6 thoughts on “I got the displaced person blues”

  1. Reading “You Know When the Men Are Gone” by Siobhan Fallon. About war and army bases. It’s been on my list for awhile and I found it at our big used book sale last week.

    (Re) Watching Battlestar Galactica on Hulu

    Listening my running playlist. Training for a 15 k in two weeks

  2. Let’s see . . . I’m in the mood for light entertainment lately, so I’m reading lots of graphic novels from the children’s section of the library.

    Just finished Every Hidden Thing, by Kenneth Oppel. My 17-year-old said she thought it was the most realistic depiction of a teen relationship she had ever read (she gets impatient with romantic subplots) and I may have to agree. Oppel is an excellent writer, but this book has a few (marital) sex scenes in it, and a parent should read it first–might be OK for an older teen. I won’t be recommending it to my 15-year-old. Oppel’s recent semi-horror called The Nest is fantastic and I would unhesitatingly recommend it for 12 and up. Whether he intended it or not, it has a powerful pro-life message.

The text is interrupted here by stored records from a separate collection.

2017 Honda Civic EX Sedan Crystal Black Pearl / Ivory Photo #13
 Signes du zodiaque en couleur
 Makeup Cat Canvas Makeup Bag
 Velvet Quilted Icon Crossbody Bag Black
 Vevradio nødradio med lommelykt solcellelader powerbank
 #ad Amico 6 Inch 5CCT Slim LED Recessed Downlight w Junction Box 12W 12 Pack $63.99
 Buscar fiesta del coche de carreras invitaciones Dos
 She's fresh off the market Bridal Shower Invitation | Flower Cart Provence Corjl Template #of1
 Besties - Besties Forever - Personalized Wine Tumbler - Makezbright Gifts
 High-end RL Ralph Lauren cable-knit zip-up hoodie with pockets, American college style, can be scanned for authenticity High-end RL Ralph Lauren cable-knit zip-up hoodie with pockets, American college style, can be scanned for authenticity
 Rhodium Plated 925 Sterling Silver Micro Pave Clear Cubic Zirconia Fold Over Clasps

    Also reading The Fellowship of the Ring aloud to 11-year-old. That’s good for anything that ails you! We’ve just gotten to Moria.

    Watching Strictly Ballroom, one of my favorite movies, as I fold clothes.

    Still listening to my new Christmas CD. I’m picky about Christmas music, and to my surprise Annie Lennox made an excellent album a few years ago called A Christmas Cornucopia (Annie Lennox from the Eurythmics? Yes, that Annie Lennox). She sings all kinds of beautiful carols completely straight, and doesn’t cut out the more “religious” verses like some singers do when they make a Christmas album. I don’t think I had ever heard “See Amid the Winter Snow” before, but I listened to it over and over this Christmas.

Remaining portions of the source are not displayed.